About this task
From the entries that follow, reproduce exactly and only the lines from the line with "Lexington, MA 02420" to the line with "Rupert Grint Fotoğrafları 159", endpoints included.

Items listed in a dataset
┌──

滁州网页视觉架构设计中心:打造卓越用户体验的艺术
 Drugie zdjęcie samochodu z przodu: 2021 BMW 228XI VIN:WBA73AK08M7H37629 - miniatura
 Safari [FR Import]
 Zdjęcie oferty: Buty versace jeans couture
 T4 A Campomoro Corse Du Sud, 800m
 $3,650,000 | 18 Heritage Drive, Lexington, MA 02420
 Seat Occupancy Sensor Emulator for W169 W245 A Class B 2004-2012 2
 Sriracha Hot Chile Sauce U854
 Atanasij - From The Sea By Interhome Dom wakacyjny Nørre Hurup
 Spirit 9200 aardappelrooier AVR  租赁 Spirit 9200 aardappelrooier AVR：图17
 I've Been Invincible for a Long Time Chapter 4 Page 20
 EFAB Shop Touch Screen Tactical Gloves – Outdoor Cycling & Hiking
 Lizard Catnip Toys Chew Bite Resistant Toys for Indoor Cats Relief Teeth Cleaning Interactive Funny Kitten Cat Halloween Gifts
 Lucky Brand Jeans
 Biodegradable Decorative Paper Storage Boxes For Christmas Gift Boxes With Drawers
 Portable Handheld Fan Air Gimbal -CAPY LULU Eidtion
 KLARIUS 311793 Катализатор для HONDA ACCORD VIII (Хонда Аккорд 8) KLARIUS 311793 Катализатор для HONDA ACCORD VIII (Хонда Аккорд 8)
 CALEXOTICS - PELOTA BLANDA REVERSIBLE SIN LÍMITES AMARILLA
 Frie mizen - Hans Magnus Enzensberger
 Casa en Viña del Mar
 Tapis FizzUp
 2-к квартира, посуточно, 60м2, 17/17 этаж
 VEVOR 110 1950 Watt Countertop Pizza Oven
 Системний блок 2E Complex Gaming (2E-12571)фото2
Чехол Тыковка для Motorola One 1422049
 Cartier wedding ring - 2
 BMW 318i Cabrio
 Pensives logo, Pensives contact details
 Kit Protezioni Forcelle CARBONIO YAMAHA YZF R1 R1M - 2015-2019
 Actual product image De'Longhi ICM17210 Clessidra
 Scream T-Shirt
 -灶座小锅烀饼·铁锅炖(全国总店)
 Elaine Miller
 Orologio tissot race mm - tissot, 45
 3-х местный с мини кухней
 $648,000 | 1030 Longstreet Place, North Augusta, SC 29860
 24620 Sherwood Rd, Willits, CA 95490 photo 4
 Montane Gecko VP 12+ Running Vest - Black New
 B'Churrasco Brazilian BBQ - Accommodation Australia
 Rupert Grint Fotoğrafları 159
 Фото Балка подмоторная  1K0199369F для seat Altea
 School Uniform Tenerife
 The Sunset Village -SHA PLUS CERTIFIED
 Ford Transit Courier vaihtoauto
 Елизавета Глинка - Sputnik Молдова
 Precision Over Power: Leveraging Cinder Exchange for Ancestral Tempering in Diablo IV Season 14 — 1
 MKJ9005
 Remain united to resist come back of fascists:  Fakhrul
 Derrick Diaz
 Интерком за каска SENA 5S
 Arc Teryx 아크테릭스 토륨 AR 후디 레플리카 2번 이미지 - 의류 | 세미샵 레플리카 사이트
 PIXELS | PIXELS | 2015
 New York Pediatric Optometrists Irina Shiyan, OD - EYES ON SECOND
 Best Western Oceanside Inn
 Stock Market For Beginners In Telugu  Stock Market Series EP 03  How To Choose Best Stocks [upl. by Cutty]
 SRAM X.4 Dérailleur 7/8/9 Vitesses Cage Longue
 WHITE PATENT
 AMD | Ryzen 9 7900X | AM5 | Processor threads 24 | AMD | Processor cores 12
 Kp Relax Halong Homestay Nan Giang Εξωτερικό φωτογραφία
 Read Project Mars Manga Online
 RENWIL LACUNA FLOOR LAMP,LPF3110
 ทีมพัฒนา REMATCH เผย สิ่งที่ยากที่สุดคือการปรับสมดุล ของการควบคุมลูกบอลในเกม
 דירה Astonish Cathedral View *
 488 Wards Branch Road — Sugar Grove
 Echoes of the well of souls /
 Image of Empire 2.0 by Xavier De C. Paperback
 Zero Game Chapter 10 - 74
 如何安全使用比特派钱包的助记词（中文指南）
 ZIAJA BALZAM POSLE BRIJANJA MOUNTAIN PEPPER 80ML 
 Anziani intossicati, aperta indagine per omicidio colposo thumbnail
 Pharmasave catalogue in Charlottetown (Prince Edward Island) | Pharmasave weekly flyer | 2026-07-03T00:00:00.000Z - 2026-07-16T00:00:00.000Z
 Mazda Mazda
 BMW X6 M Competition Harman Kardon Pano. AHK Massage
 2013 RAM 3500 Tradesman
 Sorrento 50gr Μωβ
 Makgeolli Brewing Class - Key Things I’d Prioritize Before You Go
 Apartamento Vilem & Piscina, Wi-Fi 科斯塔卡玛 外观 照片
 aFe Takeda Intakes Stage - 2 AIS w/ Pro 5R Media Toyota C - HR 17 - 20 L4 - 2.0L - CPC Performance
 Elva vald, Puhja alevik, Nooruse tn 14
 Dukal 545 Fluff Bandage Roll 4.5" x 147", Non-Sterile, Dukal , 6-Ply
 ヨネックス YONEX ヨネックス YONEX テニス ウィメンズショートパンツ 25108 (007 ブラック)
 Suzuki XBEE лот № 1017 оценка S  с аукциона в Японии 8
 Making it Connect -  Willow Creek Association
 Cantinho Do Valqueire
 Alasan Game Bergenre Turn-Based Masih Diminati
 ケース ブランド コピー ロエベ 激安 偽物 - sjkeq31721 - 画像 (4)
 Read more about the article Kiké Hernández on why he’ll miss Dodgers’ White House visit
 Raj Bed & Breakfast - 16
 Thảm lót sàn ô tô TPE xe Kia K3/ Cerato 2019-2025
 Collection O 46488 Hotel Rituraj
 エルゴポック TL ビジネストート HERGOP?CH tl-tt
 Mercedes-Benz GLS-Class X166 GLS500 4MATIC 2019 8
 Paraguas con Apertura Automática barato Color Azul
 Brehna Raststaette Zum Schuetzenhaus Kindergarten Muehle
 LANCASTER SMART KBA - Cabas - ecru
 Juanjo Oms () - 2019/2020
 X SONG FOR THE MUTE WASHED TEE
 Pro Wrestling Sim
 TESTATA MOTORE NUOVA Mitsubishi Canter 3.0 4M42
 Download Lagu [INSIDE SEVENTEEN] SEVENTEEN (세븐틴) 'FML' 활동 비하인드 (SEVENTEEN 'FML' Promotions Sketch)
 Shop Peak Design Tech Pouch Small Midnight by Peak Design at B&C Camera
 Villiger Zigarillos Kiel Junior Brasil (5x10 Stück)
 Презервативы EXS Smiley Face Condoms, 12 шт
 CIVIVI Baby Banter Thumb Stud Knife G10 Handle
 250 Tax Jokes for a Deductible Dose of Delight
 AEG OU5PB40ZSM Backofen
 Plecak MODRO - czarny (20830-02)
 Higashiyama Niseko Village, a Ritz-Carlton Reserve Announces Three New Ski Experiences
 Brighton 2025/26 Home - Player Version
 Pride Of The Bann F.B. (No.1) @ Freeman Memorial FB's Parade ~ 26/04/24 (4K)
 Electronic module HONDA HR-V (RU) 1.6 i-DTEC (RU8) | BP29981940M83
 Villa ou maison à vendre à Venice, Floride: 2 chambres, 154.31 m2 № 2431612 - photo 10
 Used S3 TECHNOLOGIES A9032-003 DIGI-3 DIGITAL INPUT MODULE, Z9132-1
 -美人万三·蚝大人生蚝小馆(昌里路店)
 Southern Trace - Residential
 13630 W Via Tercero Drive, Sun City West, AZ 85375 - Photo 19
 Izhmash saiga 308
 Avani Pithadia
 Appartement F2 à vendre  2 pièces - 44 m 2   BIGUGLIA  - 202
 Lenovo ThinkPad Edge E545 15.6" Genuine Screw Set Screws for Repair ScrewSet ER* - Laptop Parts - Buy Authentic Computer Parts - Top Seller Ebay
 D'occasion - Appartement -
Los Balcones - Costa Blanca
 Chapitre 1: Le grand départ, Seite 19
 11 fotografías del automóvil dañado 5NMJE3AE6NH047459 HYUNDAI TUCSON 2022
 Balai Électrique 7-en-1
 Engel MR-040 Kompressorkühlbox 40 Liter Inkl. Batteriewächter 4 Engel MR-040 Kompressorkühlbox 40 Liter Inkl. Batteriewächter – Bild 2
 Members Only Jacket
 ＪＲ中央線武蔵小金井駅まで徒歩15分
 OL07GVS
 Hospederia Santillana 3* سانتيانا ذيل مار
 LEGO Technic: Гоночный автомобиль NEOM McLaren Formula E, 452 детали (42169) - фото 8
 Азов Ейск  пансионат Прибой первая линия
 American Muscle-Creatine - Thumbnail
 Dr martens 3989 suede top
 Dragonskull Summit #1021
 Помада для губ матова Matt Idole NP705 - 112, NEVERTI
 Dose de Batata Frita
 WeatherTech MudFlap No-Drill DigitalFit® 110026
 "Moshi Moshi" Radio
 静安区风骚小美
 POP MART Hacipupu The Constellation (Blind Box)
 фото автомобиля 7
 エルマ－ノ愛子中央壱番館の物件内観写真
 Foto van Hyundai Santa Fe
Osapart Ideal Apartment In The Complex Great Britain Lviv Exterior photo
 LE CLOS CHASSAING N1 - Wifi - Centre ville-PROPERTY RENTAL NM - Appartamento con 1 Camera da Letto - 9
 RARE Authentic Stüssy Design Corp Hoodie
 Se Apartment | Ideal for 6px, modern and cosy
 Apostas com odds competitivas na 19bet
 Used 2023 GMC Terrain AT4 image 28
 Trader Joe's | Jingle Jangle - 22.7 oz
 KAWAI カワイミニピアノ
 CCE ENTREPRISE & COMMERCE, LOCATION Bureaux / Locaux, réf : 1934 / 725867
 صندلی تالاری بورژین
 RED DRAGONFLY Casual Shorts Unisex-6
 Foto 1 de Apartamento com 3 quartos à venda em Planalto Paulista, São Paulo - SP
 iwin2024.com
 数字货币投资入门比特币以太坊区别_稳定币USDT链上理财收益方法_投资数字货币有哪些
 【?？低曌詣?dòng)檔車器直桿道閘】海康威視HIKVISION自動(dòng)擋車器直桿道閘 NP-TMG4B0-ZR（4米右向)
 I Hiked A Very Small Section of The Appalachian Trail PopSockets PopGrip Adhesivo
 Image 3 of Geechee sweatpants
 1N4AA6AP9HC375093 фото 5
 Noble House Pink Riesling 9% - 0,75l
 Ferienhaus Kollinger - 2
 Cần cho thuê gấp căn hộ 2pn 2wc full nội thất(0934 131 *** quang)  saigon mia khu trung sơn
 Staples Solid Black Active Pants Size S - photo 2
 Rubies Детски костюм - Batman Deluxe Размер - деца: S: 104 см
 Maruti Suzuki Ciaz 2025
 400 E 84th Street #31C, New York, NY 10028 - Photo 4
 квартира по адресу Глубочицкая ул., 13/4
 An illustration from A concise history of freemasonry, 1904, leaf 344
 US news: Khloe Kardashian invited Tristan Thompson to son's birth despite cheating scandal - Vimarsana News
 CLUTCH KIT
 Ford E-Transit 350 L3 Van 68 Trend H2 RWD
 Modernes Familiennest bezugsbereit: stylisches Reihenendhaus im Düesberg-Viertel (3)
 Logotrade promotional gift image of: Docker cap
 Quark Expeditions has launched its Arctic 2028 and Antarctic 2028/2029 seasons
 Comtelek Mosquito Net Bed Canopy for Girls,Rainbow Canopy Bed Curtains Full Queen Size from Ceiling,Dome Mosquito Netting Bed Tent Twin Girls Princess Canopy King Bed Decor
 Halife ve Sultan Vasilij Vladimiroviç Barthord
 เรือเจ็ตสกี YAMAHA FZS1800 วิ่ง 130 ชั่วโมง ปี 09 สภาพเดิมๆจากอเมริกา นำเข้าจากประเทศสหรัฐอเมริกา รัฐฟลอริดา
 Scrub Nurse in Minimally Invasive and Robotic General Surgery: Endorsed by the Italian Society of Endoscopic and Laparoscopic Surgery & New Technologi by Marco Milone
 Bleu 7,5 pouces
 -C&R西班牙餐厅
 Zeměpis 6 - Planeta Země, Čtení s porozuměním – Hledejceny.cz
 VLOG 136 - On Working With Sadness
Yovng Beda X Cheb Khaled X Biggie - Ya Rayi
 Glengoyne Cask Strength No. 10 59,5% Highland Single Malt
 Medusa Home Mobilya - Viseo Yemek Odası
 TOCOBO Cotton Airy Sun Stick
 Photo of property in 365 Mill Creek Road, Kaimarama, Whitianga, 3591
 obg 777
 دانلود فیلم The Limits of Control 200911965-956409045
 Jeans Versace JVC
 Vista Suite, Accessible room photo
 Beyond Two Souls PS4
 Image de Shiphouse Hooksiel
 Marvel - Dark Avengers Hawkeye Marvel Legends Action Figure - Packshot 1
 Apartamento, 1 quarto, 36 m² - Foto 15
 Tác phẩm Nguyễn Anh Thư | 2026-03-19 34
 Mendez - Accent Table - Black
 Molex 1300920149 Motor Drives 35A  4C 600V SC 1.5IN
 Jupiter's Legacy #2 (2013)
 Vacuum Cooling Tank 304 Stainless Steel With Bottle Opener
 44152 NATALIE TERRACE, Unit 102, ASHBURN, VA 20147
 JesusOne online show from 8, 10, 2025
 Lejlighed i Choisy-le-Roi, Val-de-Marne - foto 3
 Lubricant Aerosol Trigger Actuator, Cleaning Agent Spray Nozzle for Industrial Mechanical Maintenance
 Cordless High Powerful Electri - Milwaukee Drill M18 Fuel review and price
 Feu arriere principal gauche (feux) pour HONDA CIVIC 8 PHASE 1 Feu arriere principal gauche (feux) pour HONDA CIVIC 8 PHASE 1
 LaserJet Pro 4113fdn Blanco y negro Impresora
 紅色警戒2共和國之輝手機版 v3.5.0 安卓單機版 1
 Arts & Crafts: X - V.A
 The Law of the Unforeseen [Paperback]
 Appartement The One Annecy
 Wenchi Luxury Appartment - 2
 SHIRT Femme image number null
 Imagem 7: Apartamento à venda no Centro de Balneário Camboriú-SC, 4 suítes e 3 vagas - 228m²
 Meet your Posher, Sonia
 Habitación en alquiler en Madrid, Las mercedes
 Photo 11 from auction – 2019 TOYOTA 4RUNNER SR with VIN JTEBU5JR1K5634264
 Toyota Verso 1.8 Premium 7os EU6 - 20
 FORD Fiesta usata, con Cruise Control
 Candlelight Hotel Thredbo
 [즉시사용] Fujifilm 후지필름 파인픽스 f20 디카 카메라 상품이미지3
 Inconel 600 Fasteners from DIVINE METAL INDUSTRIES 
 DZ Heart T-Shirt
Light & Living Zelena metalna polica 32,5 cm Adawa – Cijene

└──

Response area
 $3,650,000 | 18 Heritage Drive, Lexington, MA 02420
 Seat Occupancy Sensor Emulator for W169 W245 A Class B 2004-2012 2
 Sriracha Hot Chile Sauce U854
 Atanasij - From The Sea By Interhome Dom wakacyjny Nørre Hurup
 Spirit 9200 aardappelrooier AVR  租赁 Spirit 9200 aardappelrooier AVR：图17
 I've Been Invincible for a Long Time Chapter 4 Page 20
 EFAB Shop Touch Screen Tactical Gloves – Outdoor Cycling & Hiking
 Lizard Catnip Toys Chew Bite Resistant Toys for Indoor Cats Relief Teeth Cleaning Interactive Funny Kitten Cat Halloween Gifts
 Lucky Brand Jeans
 Biodegradable Decorative Paper Storage Boxes For Christmas Gift Boxes With Drawers
 Portable Handheld Fan Air Gimbal -CAPY LULU Eidtion
 KLARIUS 311793 Катализатор для HONDA ACCORD VIII (Хонда Аккорд 8) KLARIUS 311793 Катализатор для HONDA ACCORD VIII (Хонда Аккорд 8)
 CALEXOTICS - PELOTA BLANDA REVERSIBLE SIN LÍMITES AMARILLA
 Frie mizen - Hans Magnus Enzensberger
 Casa en Viña del Mar
 Tapis FizzUp
 2-к квартира, посуточно, 60м2, 17/17 этаж
 VEVOR 110 1950 Watt Countertop Pizza Oven
 Системний блок 2E Complex Gaming (2E-12571)фото2
Чехол Тыковка для Motorola One 1422049
 Cartier wedding ring - 2
 BMW 318i Cabrio
 Pensives logo, Pensives contact details
 Kit Protezioni Forcelle CARBONIO YAMAHA YZF R1 R1M - 2015-2019
 Actual product image De'Longhi ICM17210 Clessidra
 Scream T-Shirt
 -灶座小锅烀饼·铁锅炖(全国总店)
 Elaine Miller
 Orologio tissot race mm - tissot, 45
 3-х местный с мини кухней
 $648,000 | 1030 Longstreet Place, North Augusta, SC 29860
 24620 Sherwood Rd, Willits, CA 95490 photo 4
 Montane Gecko VP 12+ Running Vest - Black New
 B'Churrasco Brazilian BBQ - Accommodation Australia
 Rupert Grint Fotoğrafları 159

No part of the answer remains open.